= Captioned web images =
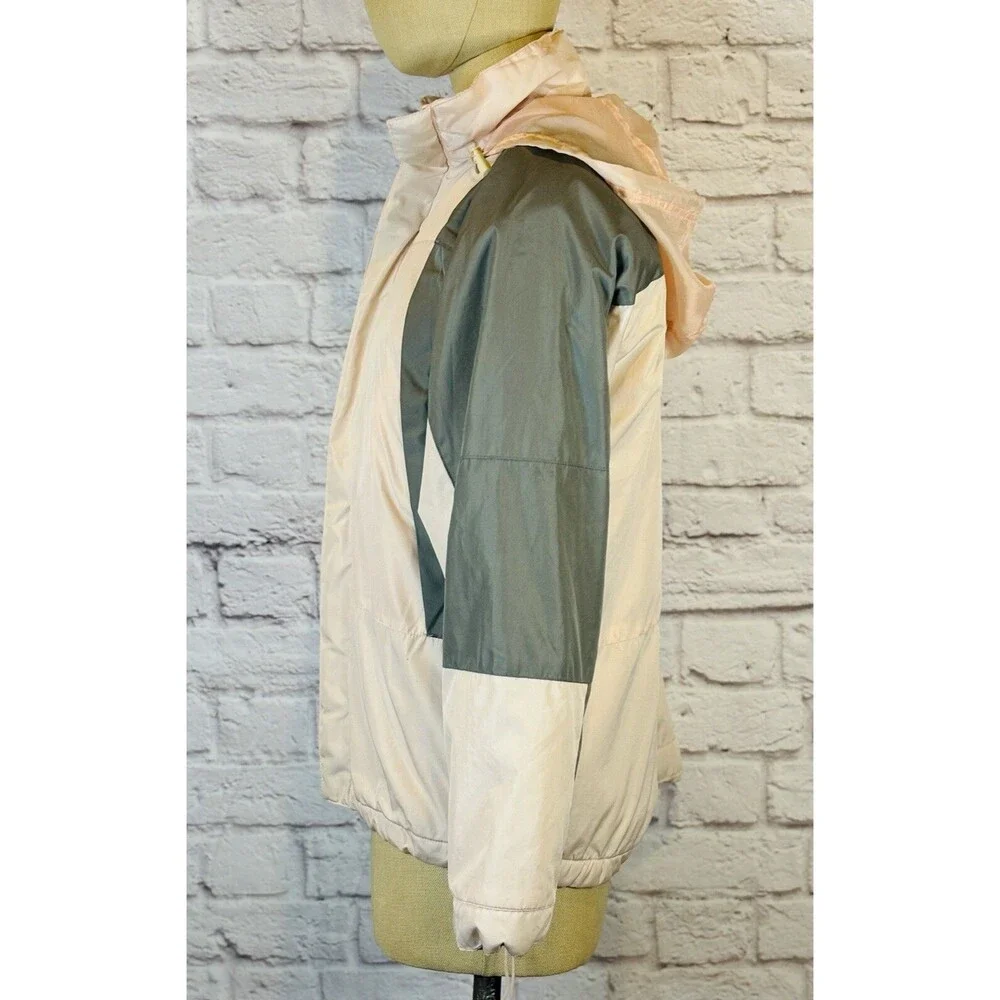 Steve & Barry's Girls Jacket Coat Midweight Pink Gray Hood Zip Pockets‎ Sz 18-20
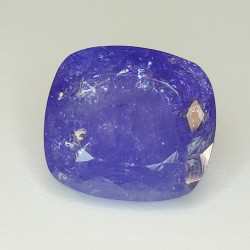 15,45 ct blauer Tansanit im Kissenschliff, 15,03 x 13,71 mm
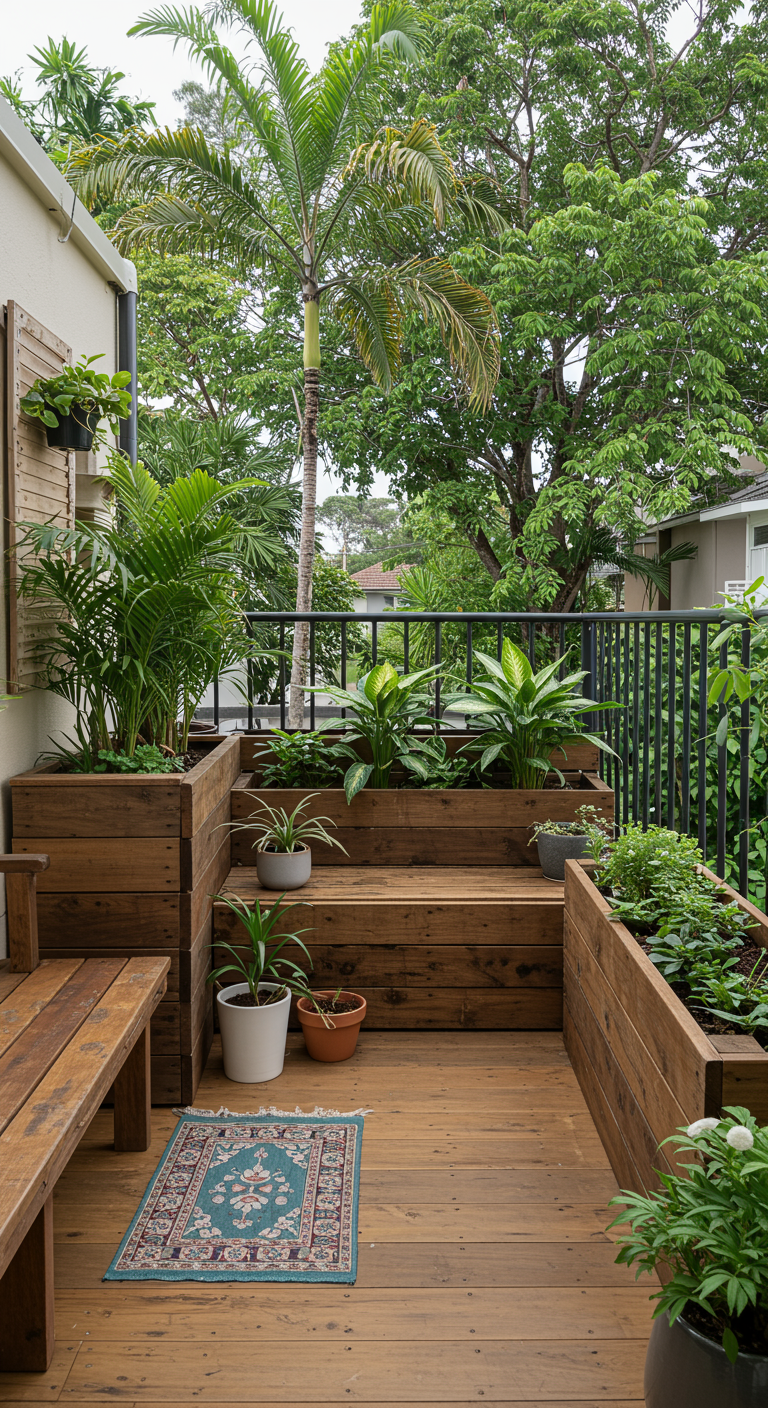 Balkon met houten vlonder, houten banken gecombineerd met plantenbakken vol tropische planten.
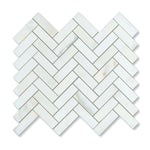 1 X 3 Calacatta Oliva Marble Polished Herringbone Mosaic Tile-Marble Mosaic-American Tile Depot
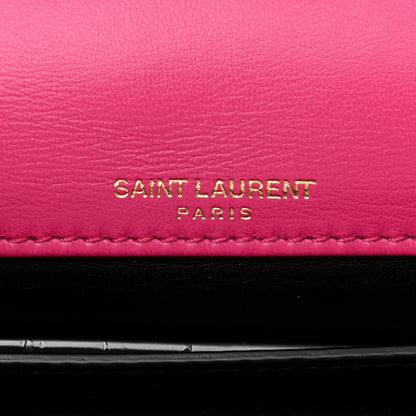 Saint Laurent Boucle Tweed Patchwork Monogram Medium Jamie Baguette Magenta 5 of 11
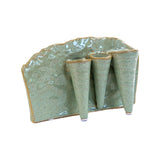 Lotus Ceramic Bud Vase Green 3 Tube alternate view at Stone Hollow Farmstead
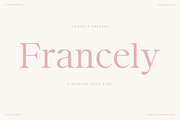 Francely - Elegant Serif Font, a Serif Font by Almeera Std (Thumbnail 1 of 8)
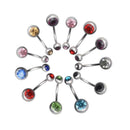 12pcs Europe And America Double Diamond Stainless Steel Belly Nail Button Rings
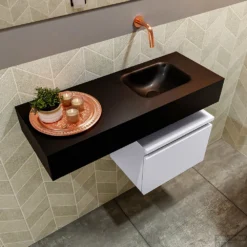 MONDIAZ ANDOR 40cm Toiletmeubel Cale. LEX 80cm Wastafel Urban Rechts Geen Kraangat -Baden Luxe Verkoop badkamermeubel andor clay model lex vrijhangend urban sidetop 0022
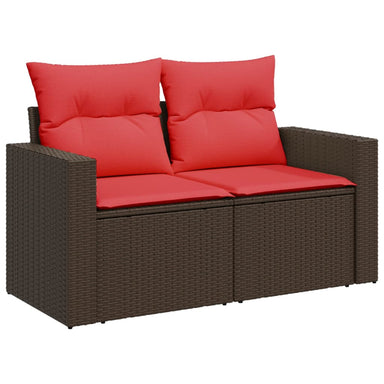 Tuinbank met kussens 2-zits poly rattan bruin
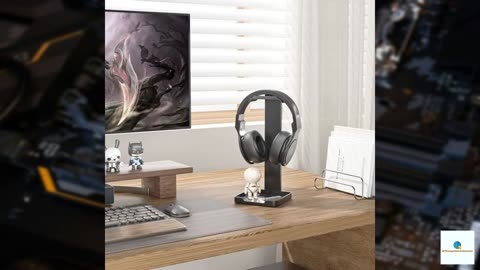 bussdis Headphone Stand Metal Headset Holder: Upgraded Stability Headset Holder - Black Ea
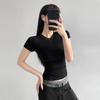 Классическая простая однотонная одежда для фитнеса, тонкие, быстросохнущие, влагоотводящие спортивные топы, женская одежда для йоги, футболки с коротким рукавом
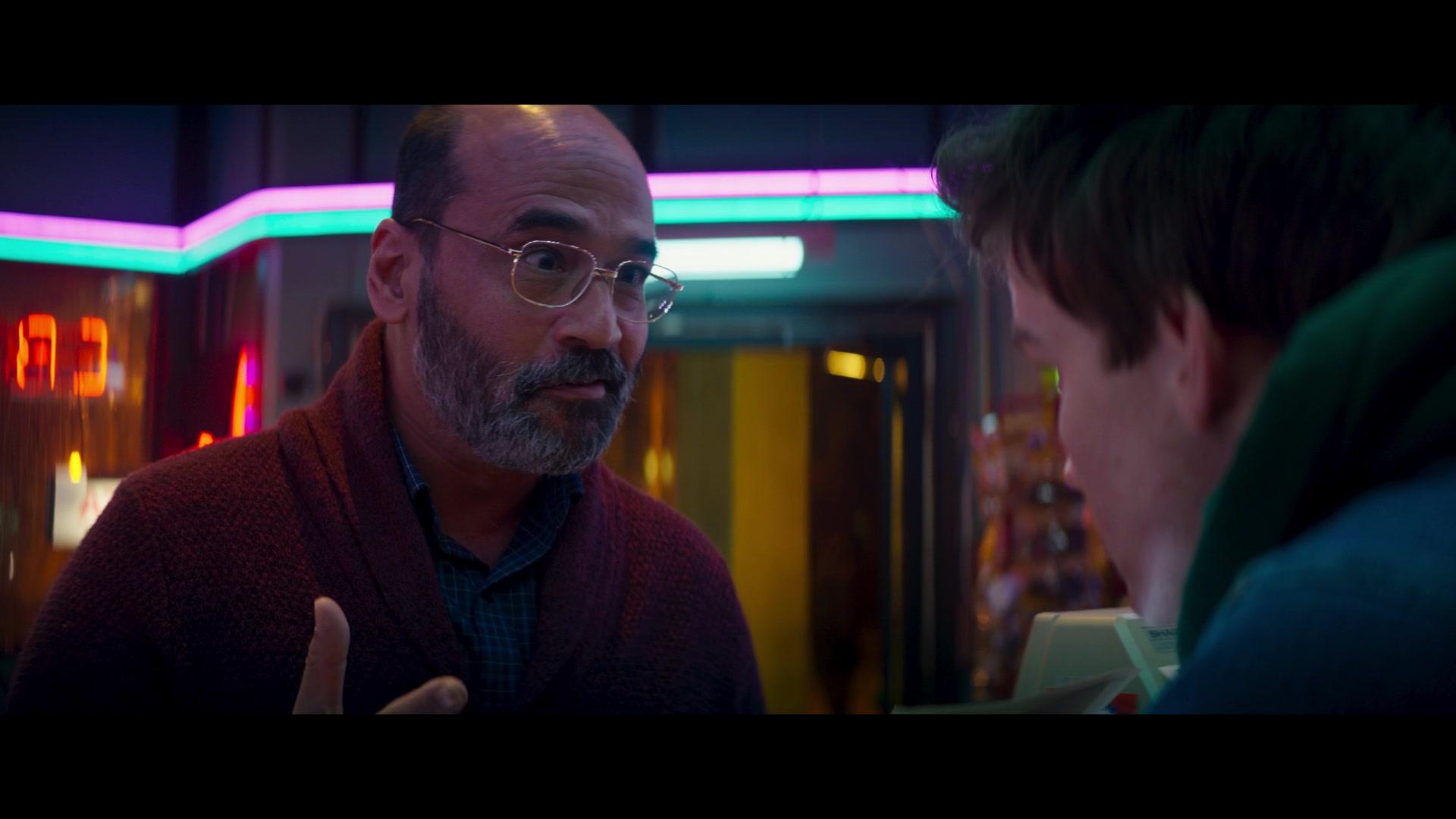 Yusuf Khan (Mohan Kapur) stops by Bruno Carrelli's (Matt Linz) store in Ms. Marvel Season 1 Episode 3 "Destined" (2022), Marvel Entertainment via Disney Plus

= WORK TASK =
Exact lines, nothing more: output the one with "Balkon met houten" and every later line through the end of the data, skipping pictures.

= RESPONSE =
 Balkon met houten vlonder, houten banken gecombineerd met plantenbakken vol tropische planten.
 1 X 3 Calacatta Oliva Marble Polished Herringbone Mosaic Tile-Marble Mosaic-American Tile Depot
 Saint Laurent Boucle Tweed Patchwork Monogram Medium Jamie Baguette Magenta 5 of 11
 Lotus Ceramic Bud Vase Green 3 Tube alternate view at Stone Hollow Farmstead
 Francely - Elegant Serif Font, a Serif Font by Almeera Std (Thumbnail 1 of 8)
 12pcs Europe And America Double Diamond Stainless Steel Belly Nail Button Rings
 MONDIAZ ANDOR 40cm Toiletmeubel Cale. LEX 80cm Wastafel Urban Rechts Geen Kraangat -Baden Luxe Verkoop badkamermeubel andor clay model lex vrijhangend urban sidetop 0022
 Tuinbank met kussens 2-zits poly rattan bruin
 bussdis Headphone Stand Metal Headset Holder: Upgraded Stability Headset Holder - Black Ea
 Классическая простая однотонная одежда для фитнеса, тонкие, быстросохнущие, влагоотводящие спортивные топы, женская одежда для йоги, футболки с коротким рукавом
 Yusuf Khan (Mohan Kapur) stops by Bruno Carrelli's (Matt Linz) store in Ms. Marvel Season 1 Episode 3 "Destined" (2022), Marvel Entertainment via Disney Plus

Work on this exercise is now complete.